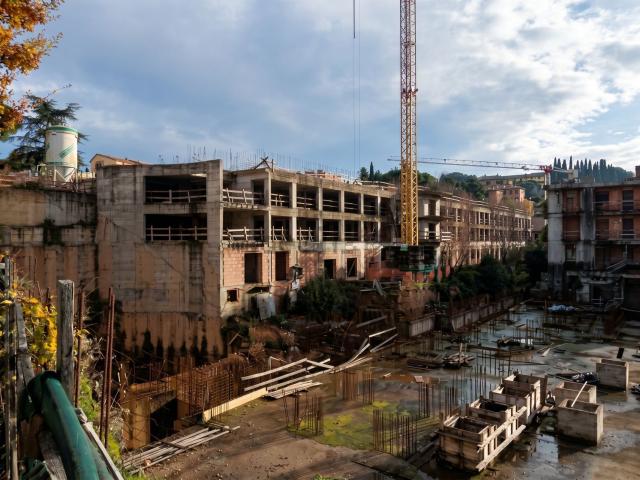 Costruzione in vendita di m² in Via Montarioso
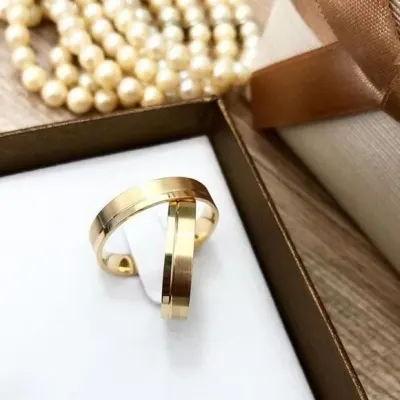 Alianças de Ouro 18k 4mm 4grs Casamento + Anel Solitário - artesanato de TM JOIAS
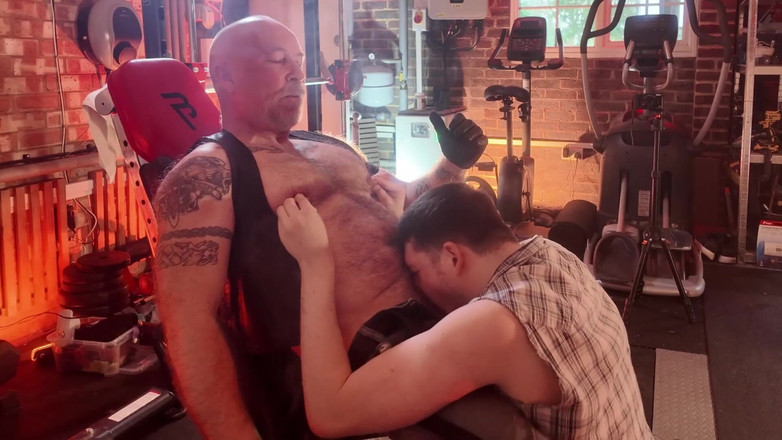 Bob Steel: Niedźwiedź Stuart i Bob Cigar Smoke pieprzą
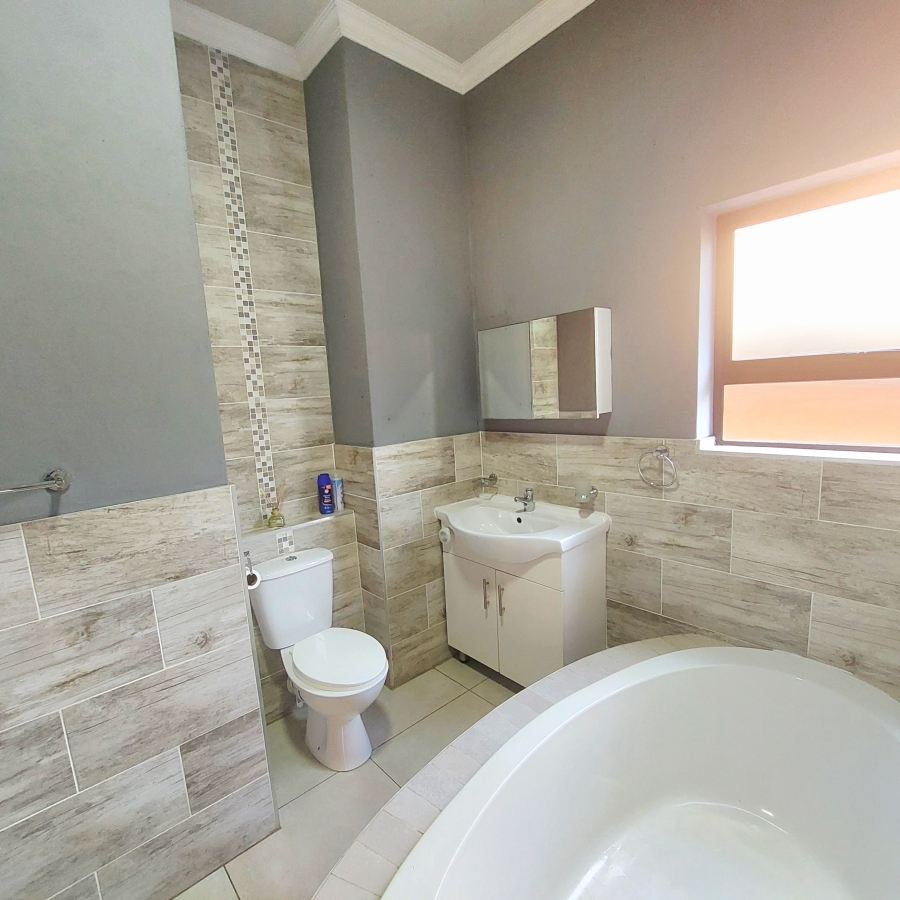 2 Bedroom Property for Sale in Ravenswood Gauteng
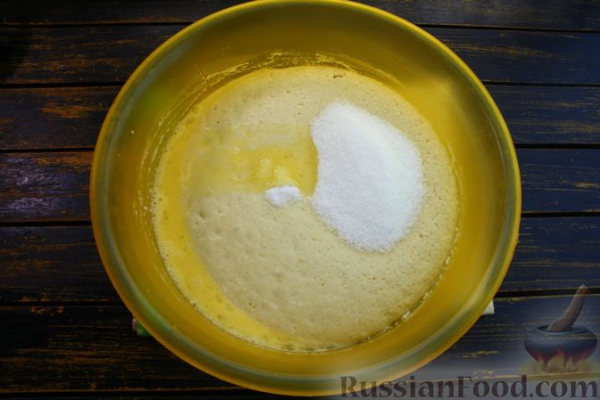 Сдобный пирог на топлёном молоке, с цедрой и ореховым штрейзелем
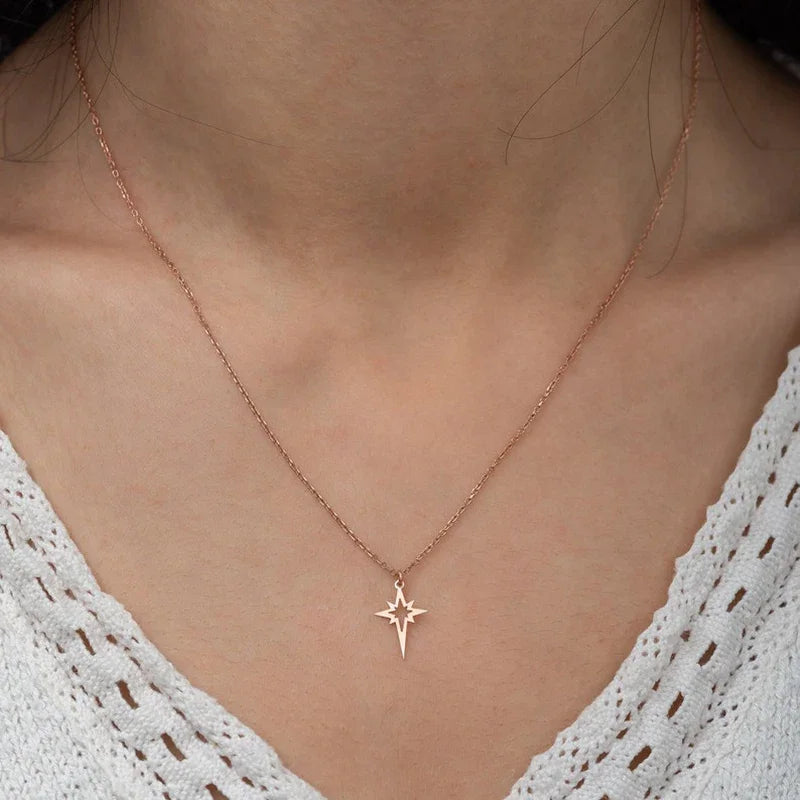 Colliers ras du cou en acier inoxydable avec pendentif étoile géométrique minimaliste, collier étoile polaire pour femmes, Collares Para Mujer L’AURA
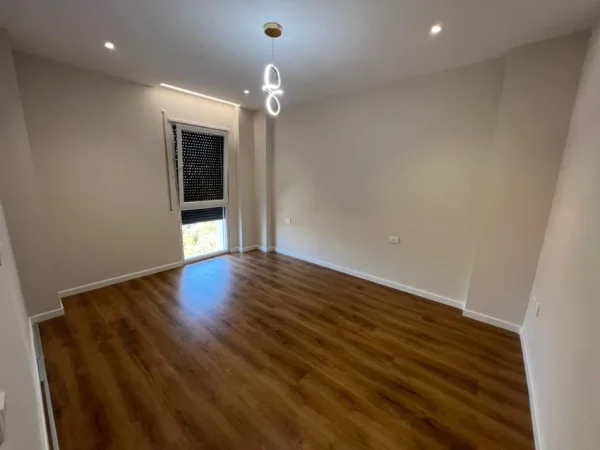 Tirane, shitet apartament 2+1 Kati 5, 118 m² 185.000 € 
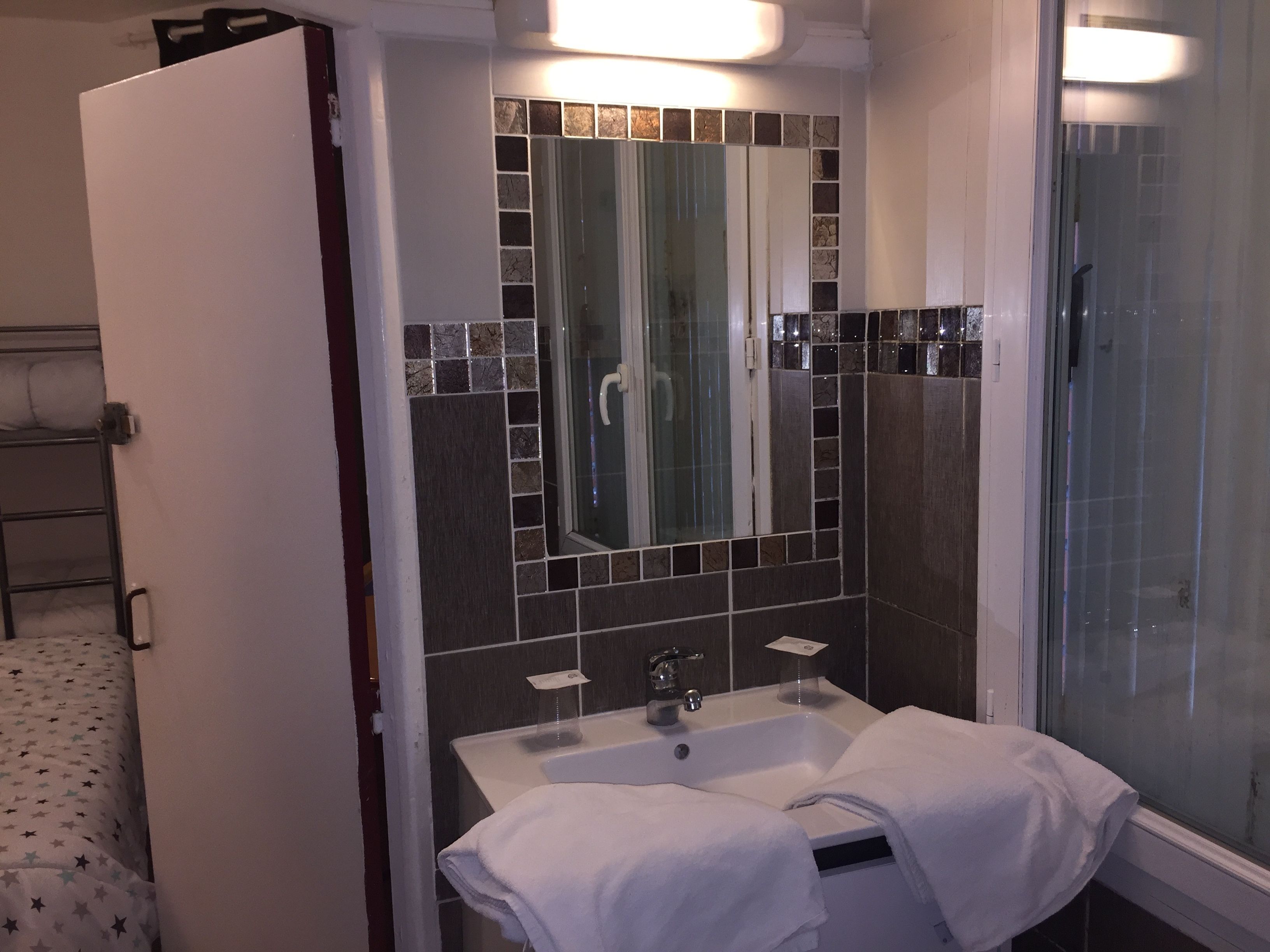 Shower, free toiletries, towels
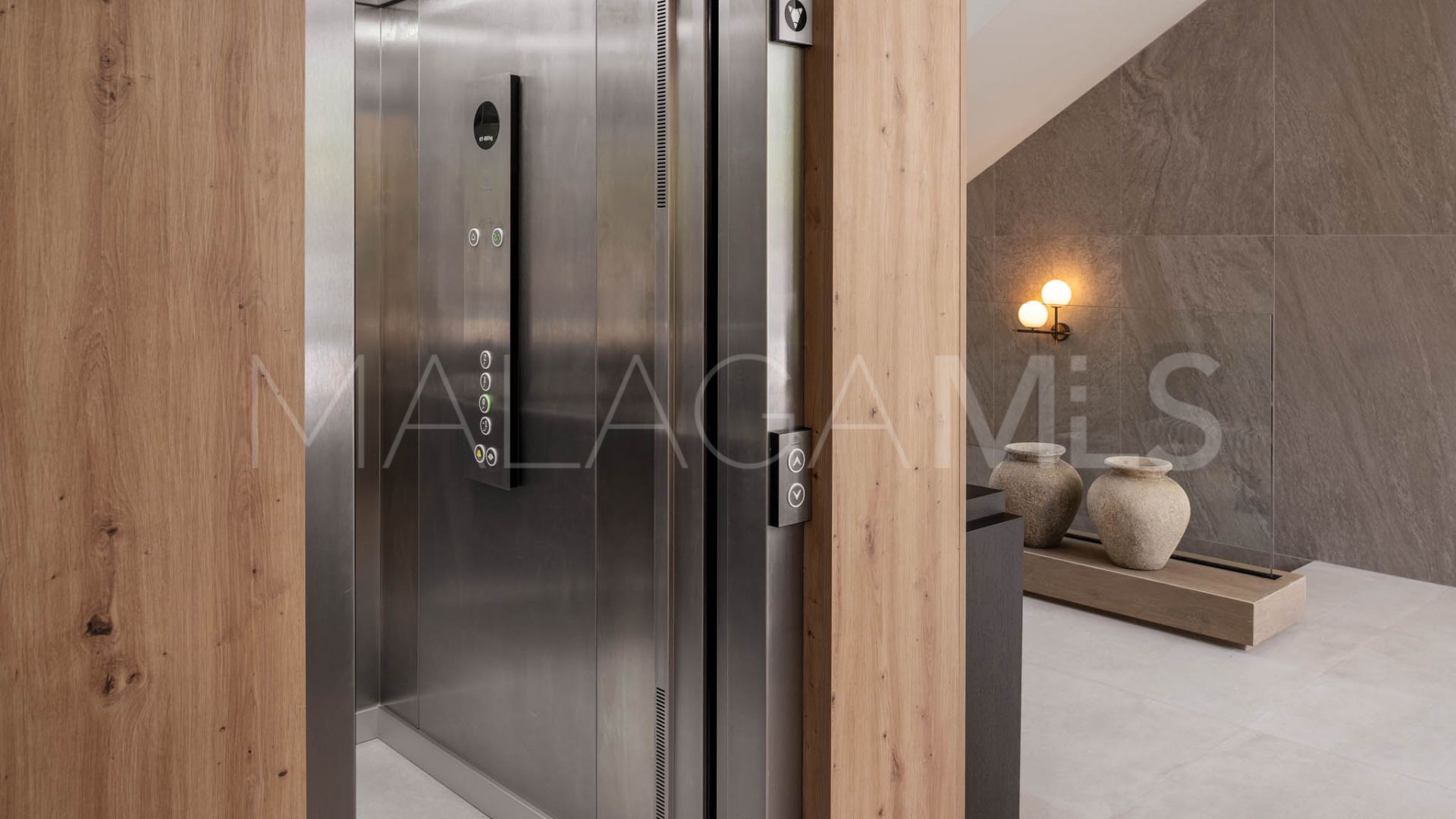 For sale Nueva Andalucia villa with 6 bedrooms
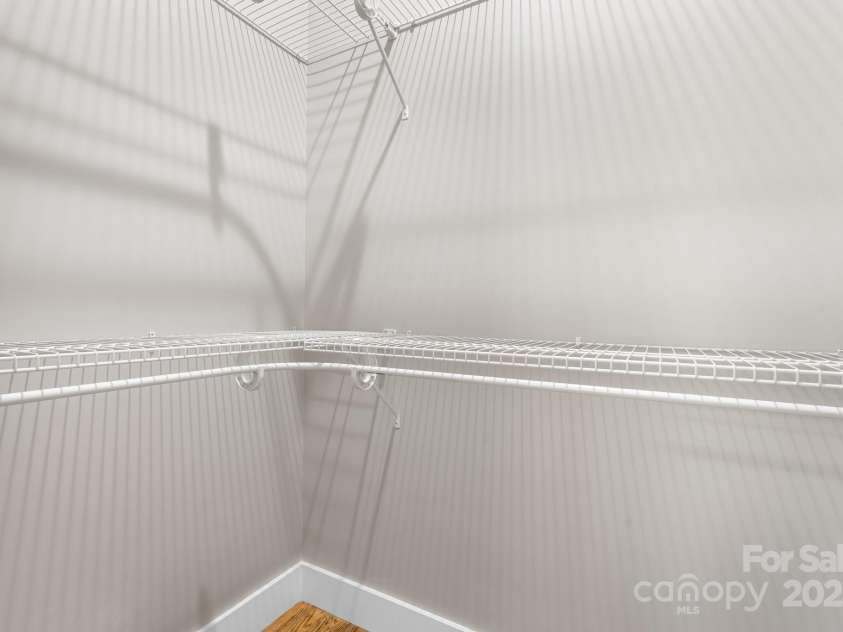 3733 Whitney Drive, Hickory, NC 28601.  MLS# CAR4250201, YatesRealty ID 14334.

[Exercise]:
Using the records above, print exactly the lines between the ones containing "Сдобный пирог на" and "Shower, free toiletries, towels", inclusive, and nothing else; no pictures.

[Solution to the problem]:
 Сдобный пирог на топлёном молоке, с цедрой и ореховым штрейзелем
 Colliers ras du cou en acier inoxydable avec pendentif étoile géométrique minimaliste, collier étoile polaire pour femmes, Collares Para Mujer L’AURA
 Tirane, shitet apartament 2+1 Kati 5, 118 m² 185.000 € 
 Shower, free toiletries, towels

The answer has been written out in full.